民法第884条 相続回復請求権
相続回復の請求権は、相続人又はその法定代理人が相続権を侵害された事実を知った時から五年間行使しないときは、時効によって消滅する。相続開始の時から二十年を経過したときも、同様とする。
意訳
相続人や親権者、後見人などは相続権が侵害されたことを知ってから5年以上経ってしまうと遺産を返してもらったり、相続人としての地位を回復させる請求ができなくなる。
被相続人が亡くなってから20年以上経っても同様の請求ができなくなる。
条文解説
相続では相続人がもっている相続権が何らかの理由で侵害されてしまうケースが稀にあります。
相続権の侵害とは
1.相続権がない人が遺産を取得した場合
2.自分が取得するべき遺産を他人がもっていて離さない場合
3.遺産分割の話合いに参加しないうちに話が終わっている場合
などが挙げられます。
このような場合は、自身の相続権をしっかりと使えるような状態に戻してもらわなければなりません。
その請求の相手は主に
1.相続権がないにもかかわらず遺産を取得した人
2.自分が相続する財産を渡してくれない相続人 となります。
前者は、相続廃除をされた人であったり、ウソの出生届によって戸籍上、亡くなった方の子となっているようなケースです。
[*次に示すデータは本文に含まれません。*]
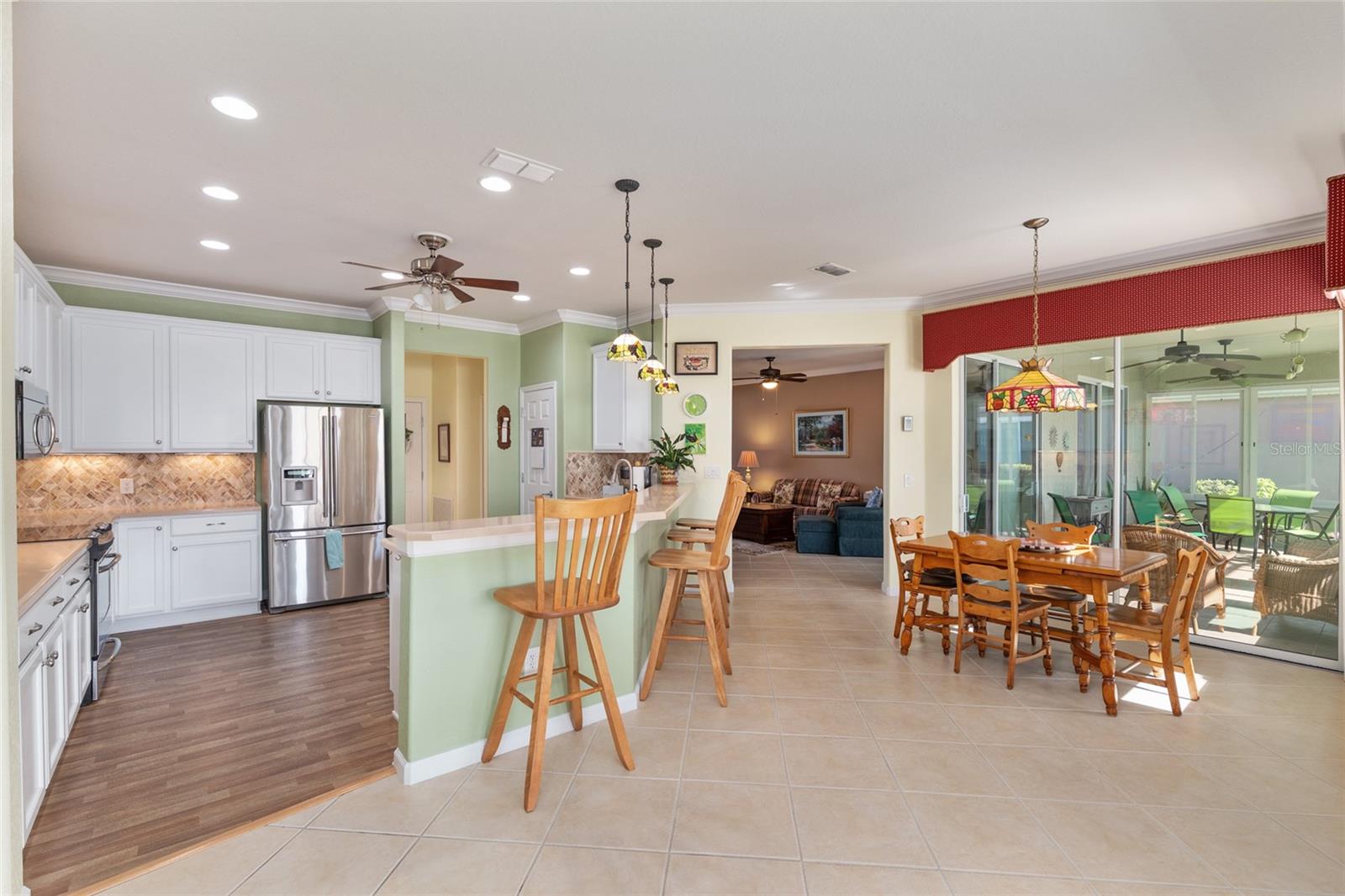 Image 28 of 98 For 9439 71st Loop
後者は、相続人のなかの1人が亡くなった親の財産を管理していて、他の相続人が遺産の一部を取得することが決まったにもかかわらず引き渡してくれないケースです。
これらのケースでは、本条を根拠として遺産もしくは相続人としての地位を回復してもらうことになります。
ただし、一方で法律関係を早く確定させる必要もあるため、5年や20年といった時効が設けられていますので、いつまでも放置することは許されていません。